To confirm whether an element is in the set, the system will calculate the Hash value based on the hash functions. If the hash values in the bloom filter have at least one 0, the element does not exist. When all the corresponding slots in the bit are 1, the existence of the element cannot be confirmed. This is because the number of slots in the bloom filter is limited, and it is possible that all the slots calculated from this element are the same as the slots calculated from another existing element. Therefore, in the all-1 case, we need to go back to the source to confirm the existence of the element.
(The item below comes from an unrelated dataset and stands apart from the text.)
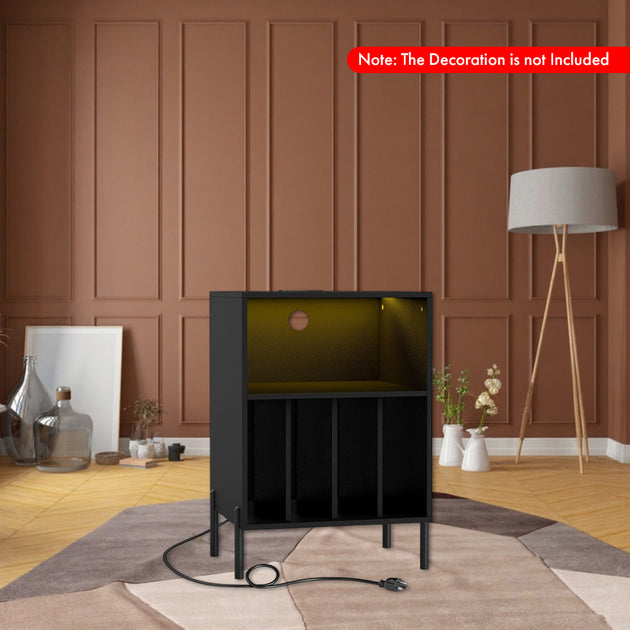 Hivvago Record Player Table Black 4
What is Bloom Filter Indexing
When creating a table in StarRocks, you can specify the columns to be indexed by BloomFilter through PROPERTIES{"bloom_filter_columns"="c1,c2,c3"}
. BloomFilter can quickly confirm whether a certain value exists in a column when querying. If the bloom filter determines that the specified value does not exist in the column, there is no need to read the data file. If it is an all-1 situation, it needs to read the data block to confirm whether the target value exists. In addition, bloom filter indexes cannot determine which specific row of data has the specified value.
Suitable scenarios
A bloom filter index can be built when the following conditions are met.
- Bloom Filter is suitable for non-prefix filtering.
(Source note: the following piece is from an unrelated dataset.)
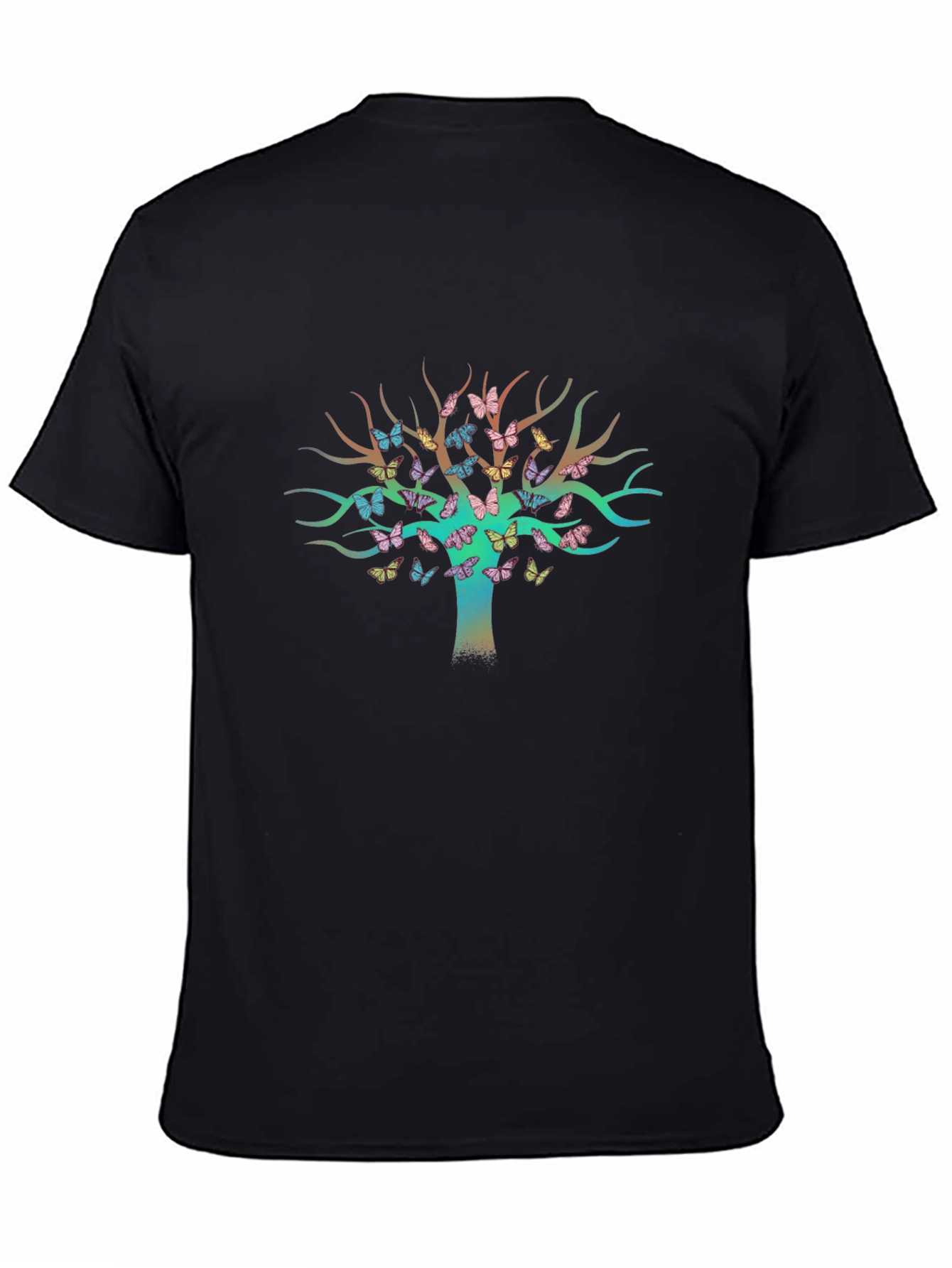 Butterfly Tree Graphic Tee - Stylish Mens Black T-Shirt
- The query will be frequently filtered according to the column, and most of the query conditions are
in
and=
. - Unlike Bitmap, BloomFilter is suitable for columns with a high base number.
How to use
Create an index
When creating a table, use bloom_filter_columns
.
PROPERTIES ( "bloom_filter_columns"="k1,k2,k3" )
View an index
View the bloom filter indexes under the table_name
.
SHOW CREATE TABLE table_name;
Delete an Index
Deleting an index means removing the index column from the bloom_filter_columns
property:
ALTER TABLE example_db.my_table SET ("bloom_filter_columns" = "");
Modify an index
Modifying an index means modifying the bloom_filter_columns
property.
ALTER TABLE example_db.my_table SET ("bloom_filter_columns" = "k1,k2,k3");
Notes
- Bloom Filter indexing is not supported for Tinyint, Float, Double type columns.
- Bloom Filter indexing only has an accelerating effect on
in
and=
filter queries. - To see whether a query hits the bloom filter index, check its profile information.